“是,公子。”两人立刻应声,开始忙碌起来。
许暮的目光转向漱玉和涧踪,看到两人虽然衣衫破损还沾染血迹,但好在伤势不重,稍微放下心来。
“漱玉,涧踪。”许暮接着沉声道,“此处不宜久留,你们处理一下自己的伤口,然后去附近看能否寻到一处隐蔽的山洞,供大家栖身。”
“是!”两人抱拳领命,迅速转身没入密林之中。
许暮的目光再次扫过众人,提高声音:“其他人留在原地,伤势严重的,立刻让醍醐和冰绡处理,伤势较轻的,稍后到了落脚点再行包扎。岫影!潜鳞!”
“属下在!”岫影和潜鳞立刻上前。
“你二人带几个状态尚可的兄弟,守在外围警戒,有任何风吹草动,立刻示警。”
“是!”
“冰锷,寒泓。”
“属下在!”
“你们带人,护在里圈。”
“遵命!”
原本因顾溪亭重伤昏迷而有些慌乱无措的九焙司众人,在许暮的安排下,仿佛瞬间找到了主心骨。

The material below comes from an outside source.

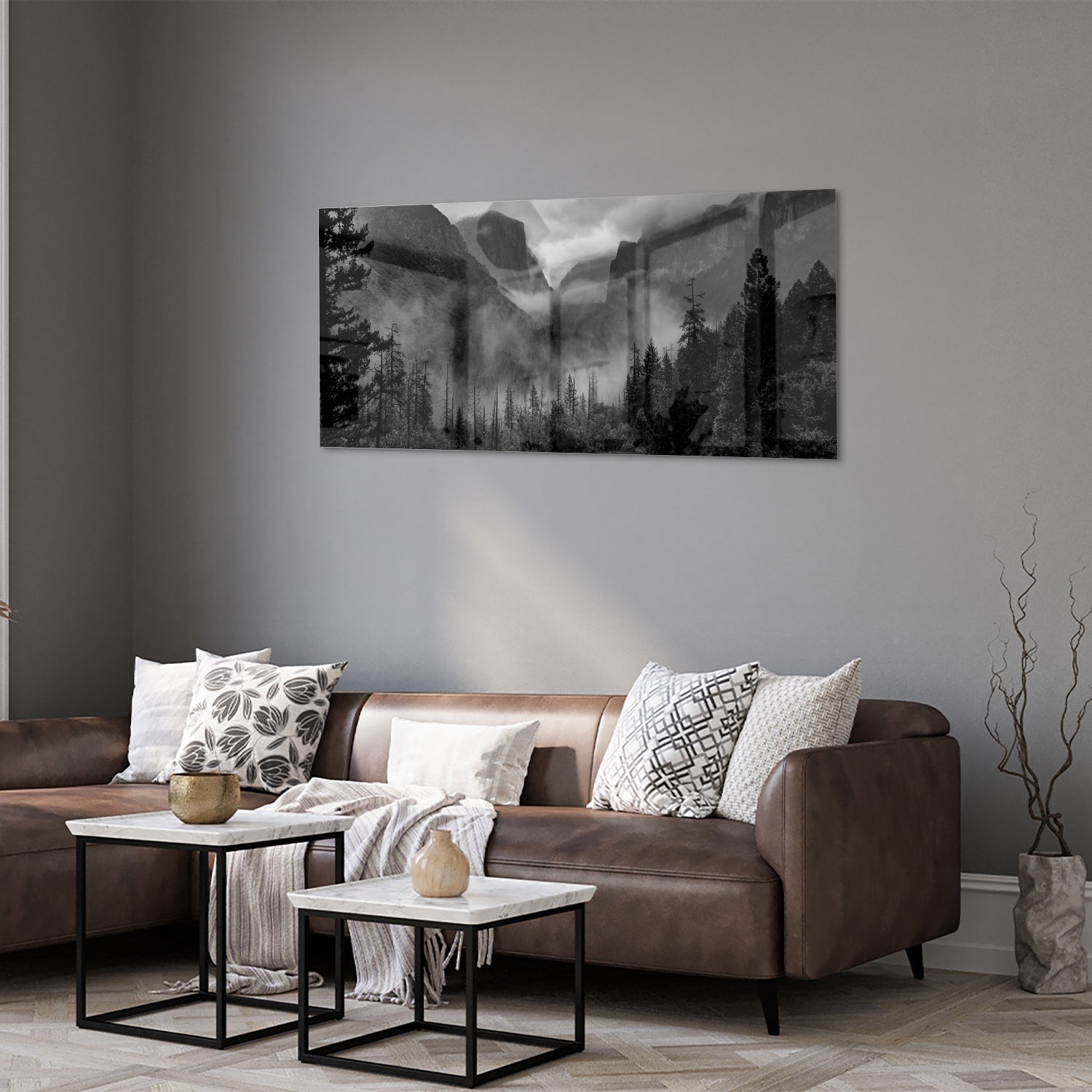 Schwarz-Weiß-Glasbild mit Berglandschaft – Glasbild aus Sicherheitsglas, Größe 40x40_rond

他们脸上的无措褪去,众人迅速行动起来,各司其职,警戒的警戒,救治的救治,休整的休整。
惊蛰站在一旁,看着许暮沉着冷静地指挥着九焙司众人,那临危不乱的气度,恍惚间,竟与平日里指挥若定的顾溪亭有了微妙的重合。
他心中暗叹,情之一字,当真让人脱胎换骨。
没过多久,涧踪的身影从密林中钻出:“公子,找到了,前方不远有一处山洞,位置隐蔽,入口狭窄,里面空间尚可,漱玉留下准备接应大家了。”

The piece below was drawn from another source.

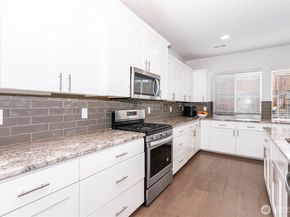 27432 14th Place S, Des Moines WA 98198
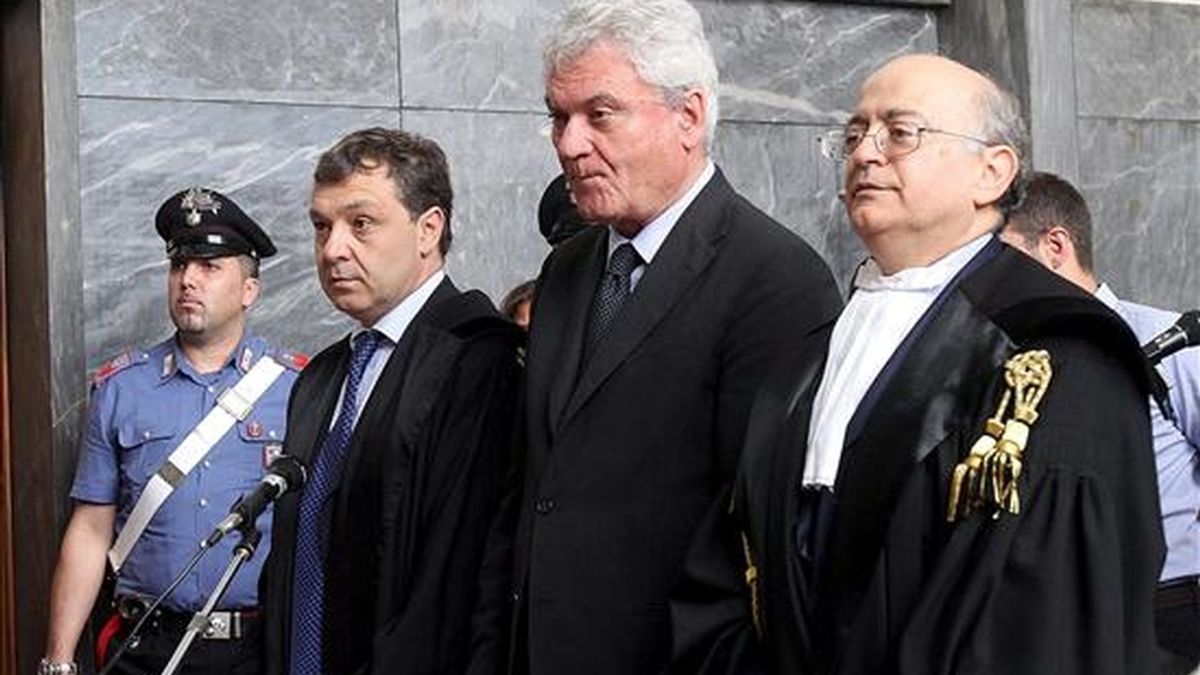 El ministro sin cartera para la Ejecución del Federalismo de Italia, Aldo Brancher (c), junto a sus abogados en la sala de un tribunal de Milán (Italia) hoy, lunes 5 de julio. Brancher se enfrenta a los cargos de apropiación indebida y blanqueo de dinero. y hoy ha anuncido su dimisión, poco más de dos semanas después de que el jefe del Ejecutivo, Silvio Berlusconi, lo nombrara para el cargo. EFE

顾意小心翼翼地背起依旧昏迷的顾溪亭,动作轻柔,生怕牵动他的伤口。
许暮想要起身帮忙,谁知双腿一软,差点摔倒。
刚才一番,几乎耗尽了他的体力,加上情绪大起大落,此刻放松下来,身体便发出了抗议。
“小心!”惊蛰眼疾手快,一把扶住了许暮。
许暮借着他的力站稳,摇了摇头:“我没事。”
两人无需多言,互相搀扶着,跟在顾意身后,深一脚浅一脚地朝着密林深处走去。
山洞的位置确实隐蔽,入口被茂密的藤蔓遮掩,若非涧踪细心,很难被发现。
进入洞内,空间比想象中宽敞许多,足够容纳所有人。
漱玉已经点燃了一堆篝火,黄色的火焰驱散了洞内的阴冷和黑暗,带来了一丝暖意,稍稍驱散了众人身上的寒气。
顾意小心翼翼地将顾溪亭放在漱玉铺好的厚厚草垫上。
火光下,顾溪亭的脸色依旧苍白得吓人,肩头包扎的白布隐隐透出鲜血。
顾意看着自家主子这副模样,鼻子一酸,眼泪又忍不住掉了下来,他自小跟着顾溪亭,何曾见他受过如此重的伤?
说到底,顾意也还是个半大孩子。
“别哭了。”许暮的声音从顾意身后传来,“他会醒过来的。”他走到顾溪亭身边,蹲下身,仔细查看他的情况。
外面天色已经完全黑透,所有人也都疲惫不堪。
许暮蹲在顾溪亭身边,对众人道:“惊鸿司霜刃司安排状态尚可的兄弟轮流守夜,其他人,抓紧时间休息,恢复体力,余下的事,等明日天亮再说。”
众人领命散开去做自己的事情。
醍醐和冰绡再次检查了顾溪亭的状态,眉头紧锁:“大人开始发热了。”
许暮的心猛地一沉,发热,是重伤后最凶险的关口。
“只要过了今晚,热度能退下去,便无大碍。”冰绡补充道,神情看起来并没有太慌张。
“我知道了,你们先去休息,这里有我,他有情况我再叫醒你们。”
醍醐和冰绡对视一眼,知道许暮此刻定要守在顾溪亭身边,便不再多言,点头退到一旁休息。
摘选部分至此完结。